The Clippers made only three of 21 shots from three-point range in a 123-96 loss to the Nuggets, their worst defeat since losing by 38 in San Antonio on Dec. 13.
“I can do media for everybody,” Clippers forward Montrezl Harrell said once the locker rooms opened. “They beat our (butts).”
But it wasn’t just their shooting that hurt the Clippers against Denver, the No. 2 team in the Western Conference. It was virtually every aspect of the game — offense, defense, strength and energy all tipping in the Nuggets’ favor.
“I didn’t think we played very well. I would love to say it was our shots missed,” Clippers coach Doc Rivers said. “I thought they were the tougher team. They got most of the loose balls. They beat us down the floor. I thought it started on the defensive end, and then in the third quarter, I thought it was our offense that let us down.”
The Clippers, who never led, managed to keep the game close in the first half thanks to 22 trips to the foul line, but they scored only 21 points in the third quarter and 19 in the fourth, with Denver’s lead quickly ballooning to 20-plus points.
“We weren’t coming back,” Rivers said. “They’re better than us. They’ve proven that.”
The Clippers got 24 points from Lou Williams and 19 from Danilo Gallinari — whose total matched the combined output of the other four starters — but the rest of the team combined to shoot just 18 for 59 (30.5%).
Bad games happen, but Rivers didn’t like how it affected some of his young players, namely rookie Shai Gilgeous-Alexander. The 20-year-old point guard scored one point and missed all nine of his shots, including three from three-point range. The Clippers were outscored by 24 points with him on the floor, worst on the team.

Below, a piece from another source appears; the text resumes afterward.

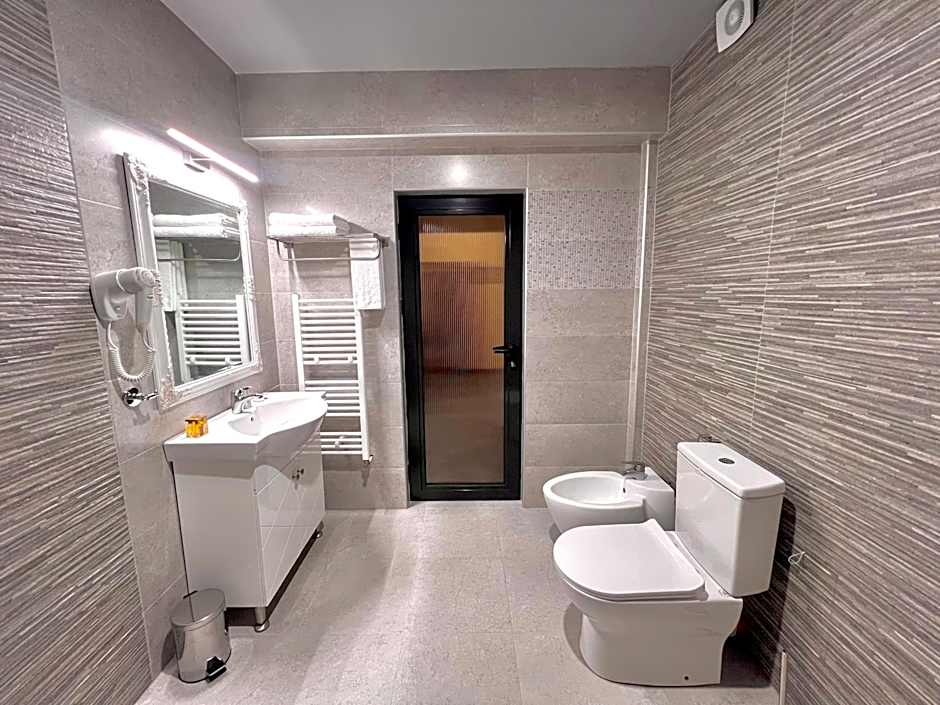 Хотел Антик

“No one is going to feel sorry for you. I’ll hug him or whatever but this is the NBA. You’re going to have bad games,” Rivers said. “The great ones, you have to be willing to go 0-for and not change your body language. I thought he did. I thought Shai started pressing.
“He’s young, and he’ll learn that. But if you want to be great, you have to be willing to go 0 for 20 and keep playing and still keep doing other things.”
Gilgeous-Alexander left the locker room without speaking to the media.
Williams said he doesn’t believe in going out of his way to offer advice or consolation to young players.
“Sometimes you don’t tell them nothing. You just let it burn, and hopefully, he’ll motivate himself to get ready for the next one,” Williams said. “I think sometimes with young players, every night it’s a speech. Everyone has something to say. I think you have to let guys go through it.
“It won’t be his last bad game.”
Zubac without helping hands
In his final stretch with the Lakers, center Ivica Zubac fractured a small bone on the middle finger of his left hand. And he already has hyperextended tendons in his right hand since joining the Clippers.
He’s been able to play through both injuries, though it hasn’t helped his reputation as a big man with terrific hands.
“Mine aren’t working,” he said with a laugh. “I know what I can do. I just have to play through it. There aren’t excuses.”